In talking about accents of English, the foreigner should be careful about the difference between England and Britain; there are many different accents in England, but the range becomes very much wider if the accents of Scotland, Wales and North­ern Ireland are taken into account. Within the accents of England, the distinction that is most frequently made by the majority of English people is between Northern and Southern. This is a very rough division, and there can be endless argument over where the boundaries lie, but most people on hearing a pronunciation typical of someone from Lancashire, Yorkshire or other counties further north would identify it as "Northern".

12 the system of consonant phonemes in English
the consonant system of the English language can be studied from phonological, phonetic, phonic, and phonemic viewpoints. An ESL/EFL language teacher would be hard pressed to distinguish among these disciplines of language study. As a matter of fact, so would many linguists, because the concepts are fluid and change with the times. Phonology, for instance, is "the study of sound patterns in languages, sometimes regarded as part of phonetics, sometimes as a separate study included in linguistics. Phonologists study phonemes (vowels and consonants) and prosody (stress, rhythm, and intonation) as subsystems of spoken language" (McArthur, 1992, p. 772). Until the 1960s, phonology's focus was on phonemics--the study of phonemes, viz. phonological units of language "that cannot be analyzed into smaller linear units and that in any particular language is realized in non-contrastive variants" (Oxford English Dictionary, 1989). Since then, phonology's focus has been on sound patterns and prosody. Phonetics is the "study and systematic classification of the sounds made in spoken utterance as they are produced by the organs of speech and as they register on the ear and on instruments" (Webster's Third New International Dictionary, 1966).
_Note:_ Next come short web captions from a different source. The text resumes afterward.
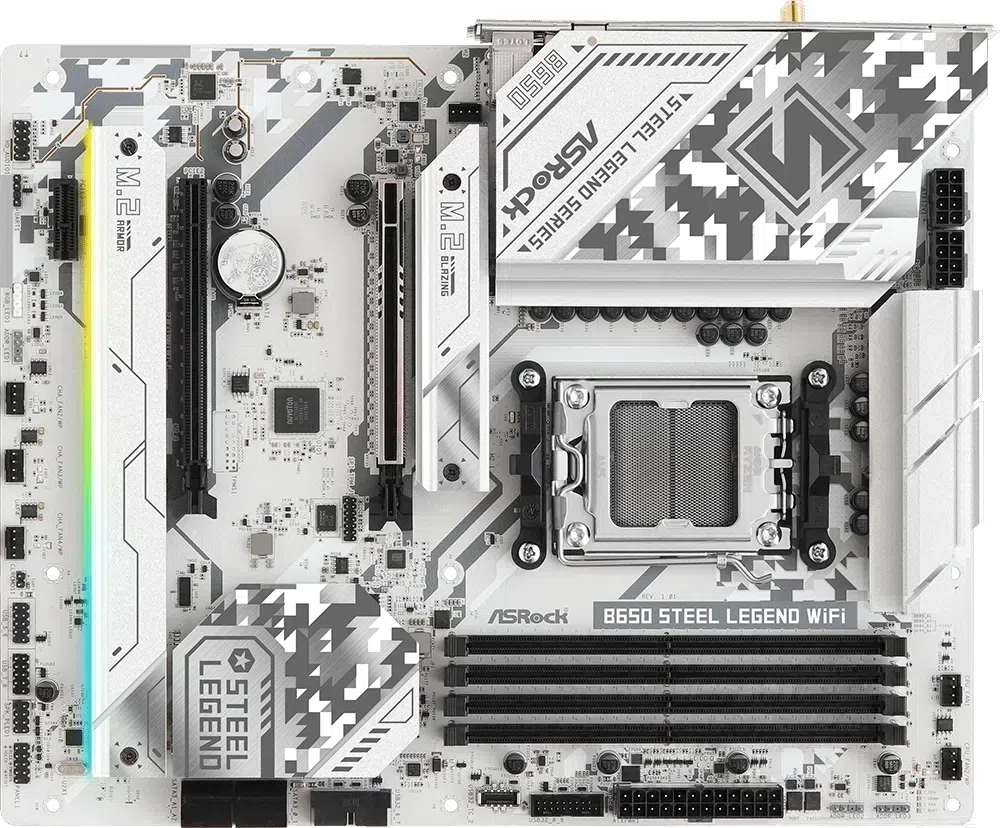 Материнская плата Asrock B650 STEEL LEGEND WIFI Socket AM5 AMD B650 4xDDR5 ATX AC`97 8ch(7.1) 2.5Gg RAID+HDMI+DP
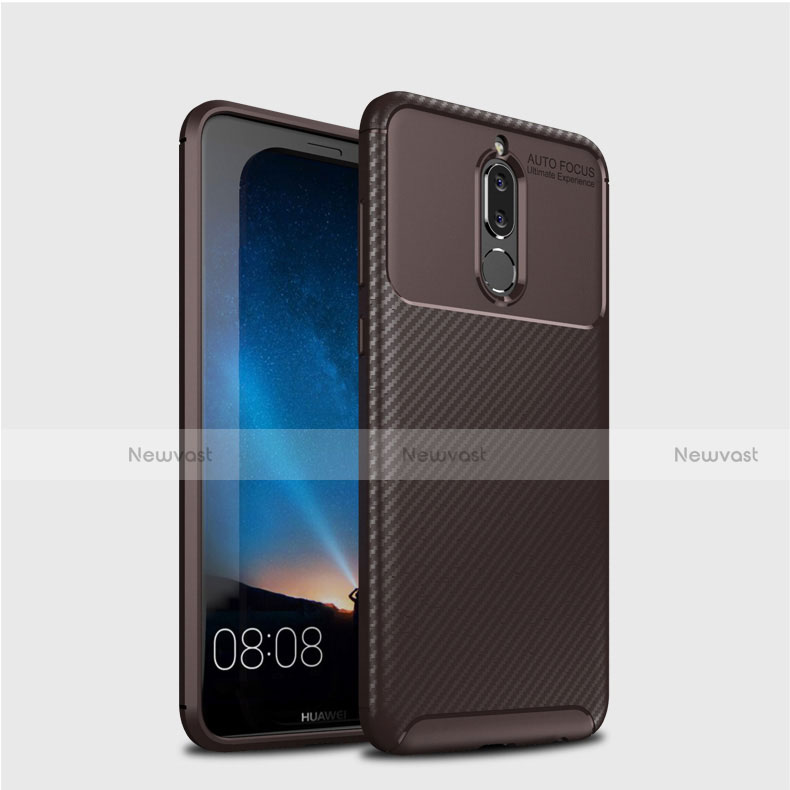 Silicone Candy Rubber TPU Twill Soft Case Cover S03 for Huawei Mate 10 Lite Brown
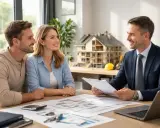 Couple souriant discutant avec un conseiller financier devant une maquette de maison. Ils s'informent sur le délai entre acceptation offre de prêt et déblocage des fonds.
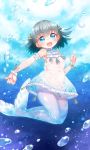  1girl :d air_bubble bare_shoulders black_hair blue_eyes bubble detached_sleeves dress eyebrows_visible_through_hair highres kito_(sorahate) looking_at_viewer mermaid monster_girl open_mouth original outstretched_arm see-through short_dress short_hair sleeveless sleeveless_dress smile solo twintails two_side_up underwater water white_dress 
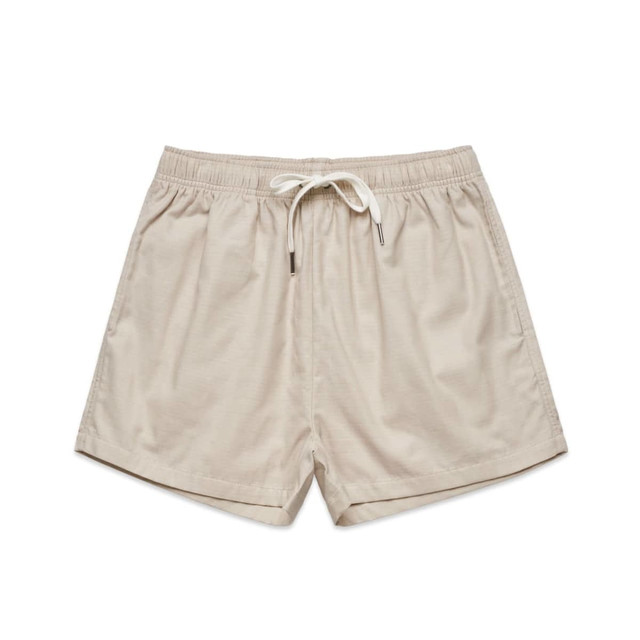 Beige dress shorts with an elastic waistband and drawstring, featuring a simple design and no visible branding. Beige dress shorts with an elastic waistband and drawstring, featuring a simple design and no visible branding.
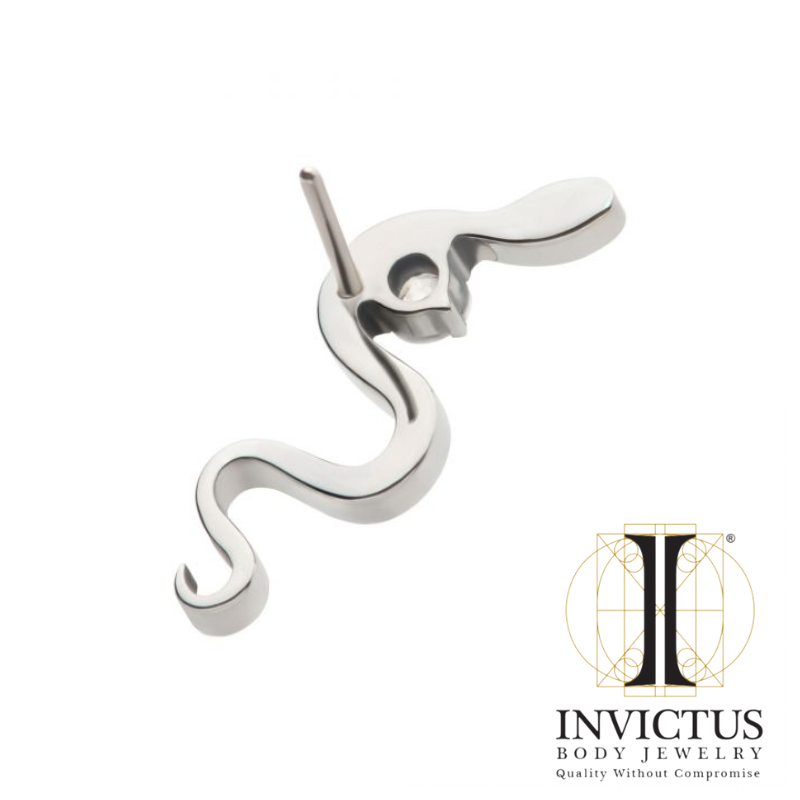 Titanium Snake med Prong CZ Gem Ender
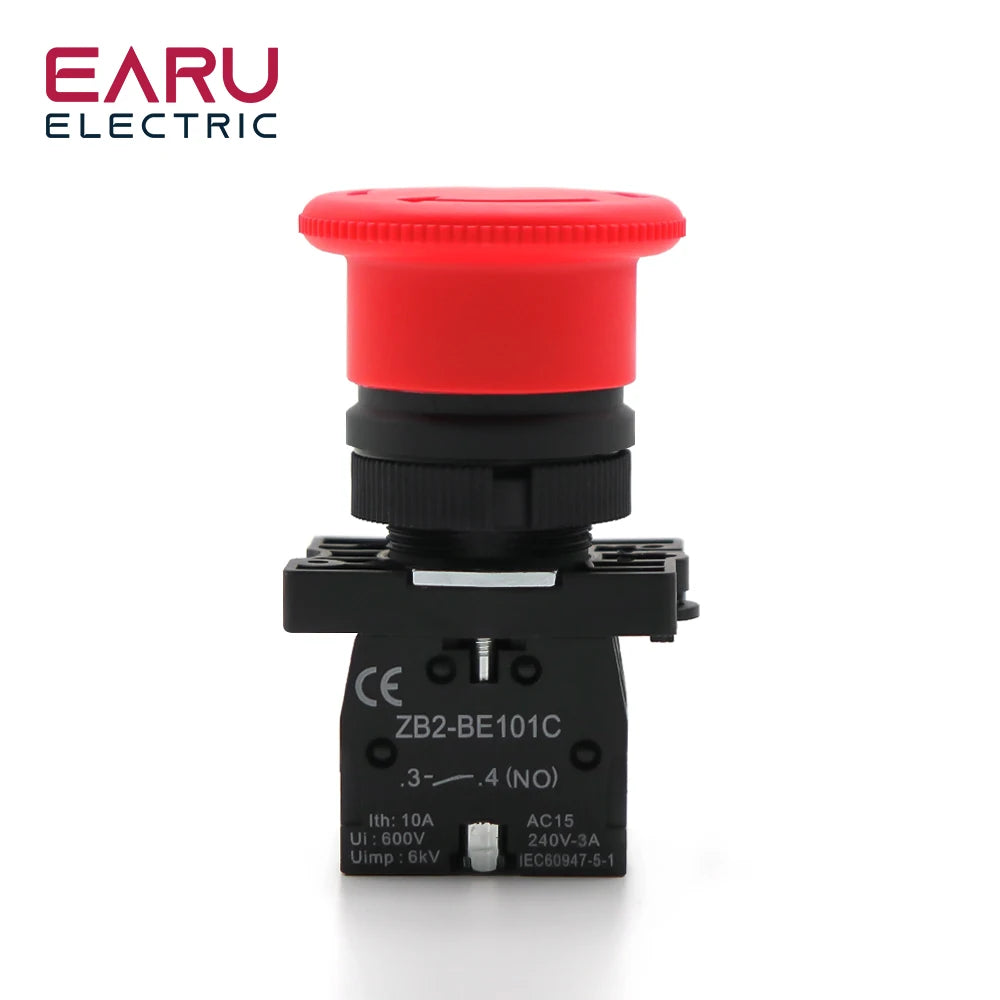 22mm Emergency Stop Red Mushroom Push Button Switch &ndash; Self-Locking Safety Mechanism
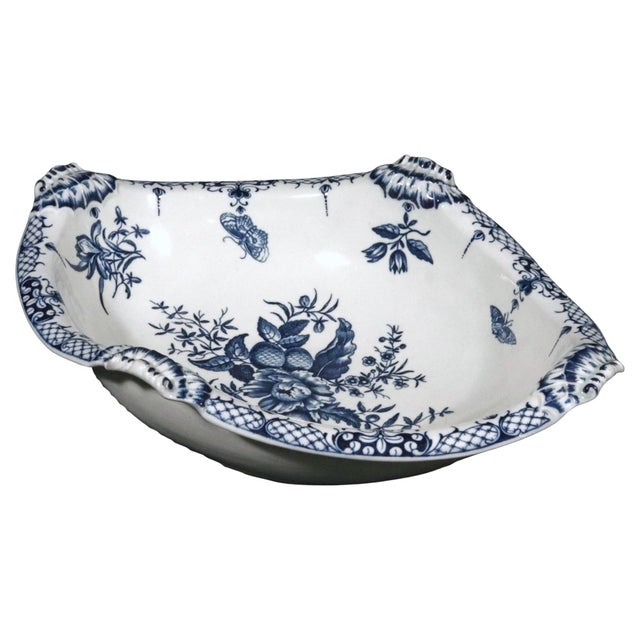First Period Worcester Porcelain Pine Cone Pattern Shaped Basin For Sale - Image 13 of 15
From the point of view of the EFL teacher, it is practical to view English consonants as speech sounds which are distinct from vowels, and are individually represented by a letter of the alphabet. Phonologists dichotomize between written consonants and spoken consonants, because the ones may differ from the others in sound. For example, whereas a d is unequivocally an alveolar plosive, such as in dent, a c may sound "hard" (/k/) as in card, candy, and color, and "soft" (/s/) as in city, cent, or Celt.